Trying to get a French dinner together

Trying to design a good French dinner in the Escoffier style.

A standard French formal meal at WCI consisted of seven courses:

1.       Hors d’oeuvres froid
2.       Potage
3.       Hors d’oeuvres chaud (Replacement for Poisson, as not many people wanted a fish course, or something I really don’t know why they broke the formulae but they did.)
4.       Glace
5.       Entrée et entrements
6.       Salade
7.       Dessert

I am at a loss so here is the menu from possibly the most famous Escoffier dinner that the master (Escoffier) actually had a hand in. You will note that these days an ice course is served before the Entrée to cleanse the palate before the richness of the sauces that mask the fact that French cooking isn’t that much better than the English…the French just have sauces. In this menu the Roti is served after the Ice but before the salade. It is actually quite had to reconstruct in the fact that like most Edwardian or fin de siècle dinners were served a la Francais and not a la Russe (A la Russe is the way Americans serve food, one course after the other each plate perfect and set. A la Francais meant that someone offered you something from a dish and you were served from this dish if you wanted some. It makes it hard when you see a menu of some forty dishes, to figure out who ate what. ) This menu was printed in the morning the day the meal was served, the cooks trained by Escoffier and his cronies would have allowed very little variation. The only point of “Imagination” would have come through the “hors d’oeuvres varies”, something Escoffier was violently against. Escoffier also complained about the American and British (Italians were not real people according to Escoffier in his “Early Years” he was a bigoted fool and in his later years threatened suicide on a regular basis because of what had happened to France, but around 1900 he was the best chef ever. To this day he is a demi-g@d. He classified the sauces, he defined the methods of cooking (Braised, Broiled, Baked, Sautéed, Fried etc…)  habit of having a cocktail before dinner. Escoffier said that it ruined the palette for the food that was to come. No chef has ever equaled Escoffier in pretentiousness, holier than thou-ism of in creation of dishes that can be called “New”. Yet in his cookbook “Ma Cuisine” there are failures, his Chicken Marengo (A favorite dish in Britain) is insipid and uninspired.  His instructions for Pot au feu are whimsical at best and lacking. Any good French housewife with and over bearing grandmother could produce a pot au feu that makes you beg for more even after you realize it is just a pot roast with a twist.
Don’t get me wrong, I love Escoffier. I keep a ratty 80 year old copy by my bed with my bible. It is that important to cuisine.

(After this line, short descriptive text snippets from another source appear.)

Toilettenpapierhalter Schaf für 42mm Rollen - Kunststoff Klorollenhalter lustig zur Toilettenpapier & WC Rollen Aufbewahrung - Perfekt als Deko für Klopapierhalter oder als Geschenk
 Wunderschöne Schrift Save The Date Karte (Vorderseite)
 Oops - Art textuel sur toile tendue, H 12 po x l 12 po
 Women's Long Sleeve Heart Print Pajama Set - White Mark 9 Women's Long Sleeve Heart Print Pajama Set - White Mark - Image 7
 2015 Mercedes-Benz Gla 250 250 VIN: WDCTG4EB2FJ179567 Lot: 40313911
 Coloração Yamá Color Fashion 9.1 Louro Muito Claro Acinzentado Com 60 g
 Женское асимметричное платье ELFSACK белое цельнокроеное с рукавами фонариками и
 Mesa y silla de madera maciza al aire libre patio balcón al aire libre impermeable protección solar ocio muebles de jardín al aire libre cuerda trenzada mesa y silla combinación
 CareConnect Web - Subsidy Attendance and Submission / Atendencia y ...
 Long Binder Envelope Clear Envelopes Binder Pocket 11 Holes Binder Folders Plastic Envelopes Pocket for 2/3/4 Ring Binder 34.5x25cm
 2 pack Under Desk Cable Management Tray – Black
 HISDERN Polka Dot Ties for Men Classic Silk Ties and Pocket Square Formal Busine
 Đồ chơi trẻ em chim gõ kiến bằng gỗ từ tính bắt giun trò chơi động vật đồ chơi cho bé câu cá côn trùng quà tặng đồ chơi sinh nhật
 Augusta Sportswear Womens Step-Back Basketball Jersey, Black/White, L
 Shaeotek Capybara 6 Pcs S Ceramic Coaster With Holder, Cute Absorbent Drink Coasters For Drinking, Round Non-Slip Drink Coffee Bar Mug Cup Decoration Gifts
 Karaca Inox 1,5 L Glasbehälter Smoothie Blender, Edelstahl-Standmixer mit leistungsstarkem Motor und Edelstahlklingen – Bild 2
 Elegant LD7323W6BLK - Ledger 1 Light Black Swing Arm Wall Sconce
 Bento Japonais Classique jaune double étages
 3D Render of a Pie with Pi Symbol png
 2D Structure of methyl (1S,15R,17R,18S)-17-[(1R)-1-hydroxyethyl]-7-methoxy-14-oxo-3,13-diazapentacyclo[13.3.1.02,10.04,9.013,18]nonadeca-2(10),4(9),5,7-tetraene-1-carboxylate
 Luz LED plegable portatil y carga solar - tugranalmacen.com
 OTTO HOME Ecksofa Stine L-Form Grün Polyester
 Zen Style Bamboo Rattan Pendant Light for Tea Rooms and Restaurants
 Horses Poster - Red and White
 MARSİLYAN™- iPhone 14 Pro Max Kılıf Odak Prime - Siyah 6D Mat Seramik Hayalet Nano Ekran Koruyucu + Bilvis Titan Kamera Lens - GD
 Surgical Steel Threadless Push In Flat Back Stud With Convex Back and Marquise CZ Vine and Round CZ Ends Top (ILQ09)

Well here is the meal, about 250 people ate of this menu (There was a special dinner being offered elsewhere where the menu was a la carte. No menu has survived.)

1.       Hors d’oeuvres varies: Left blank (Escoffier thought that appetizers of any type should be ignored, however no Edwardian could go through a meal without them.)
a.       Oysters (the menu does not specify but one may think that these were raw on the half shell? That however is a speculation no one has ever said.)

2.       Potage:
a.       Consommé Olga
b.      Cream of barley
3.       Poisson:
a.       Poached Salmon with Moussaline sauce (A highly seasoned hollandaise with whipped cream added just before serving)
4.       Entrées:
a.       Filets Mignon Lili ( A filet mignon sautéed then a deglazed, a sauce made of this, the steak is placed on a fried crouton of bread, the pan sauce is poured over it is then topped with béarnaise, and all steakyness is lost in the flavor…)
b.      Chicken Lyonnais: Chicken breast seared and then braised in white wine with a smothering amount of onions (Lyon? Hello?)
c.       Vegetable Marrow Farcie (A stuffed giant zucchini stuffed with rice, basilico, parmesan and bread crumbs)
5.       Releves:
a.       Lamb with mint sauce (as it sounds)
b.      Beef Forestiere:
                                                               i.      Beef roasted with veggies with a burnt demi-glace garnished with brunois (basically veg-all, tiny diced veggies) of roasted veggies.
c.       Roast Duckling glazed with brandy with spiced applesauce
6.       Entrements:
a.       Chateau potatoes (cut into bizarre crescents and fried)
b.      Boiled new potatoes
c.       Parmentier Potatoes (Cut into small dice (Brunois) and fried with garlic, shallots and lashings of butter)
d.      Timbales of molded minted peas
e.      Creamed Carrots (A little different than you might know, these were julienned, stewed for too long in butter, white wine is added, then cinnamon, clove, mace, nutmeg and and finally heavy cream. )
f.        Boiled rice
7.       Glace:
a.       Punch Romaine
8.       Rôti:
a.       Roasted Squab on wilted watercress
9.       Salade:
a.       Aspérages with champagne saffron vinaigrette (warm)
10.   Savourie:
a.       The Savoury is an odd thing, though not. In the Britain I know it was usually a little something that came before or after the “Sweet” or dessert. Usually it was some potted meat on a tiny piece of toast, lightly seasoned with brandy or it could be dates or oysters wrapped in bacon, it could even be little toastlettes topped with Welsh Rarebit of melty cheese with hints of ale. In Scotland the savouries were sweeter, often heather honey (Which is opaque and not clear like American honey) spread on toastlettes topped with little edible flowers, cheese that smells like old feet or crisp crumbled bacon. At the very simple point it was cheese and buttered biscuits. Which is usually offered at the end of any meal to aid digestion. (Cheese is supposed to aid digestion in Scot Lore…uh yeah right about that..)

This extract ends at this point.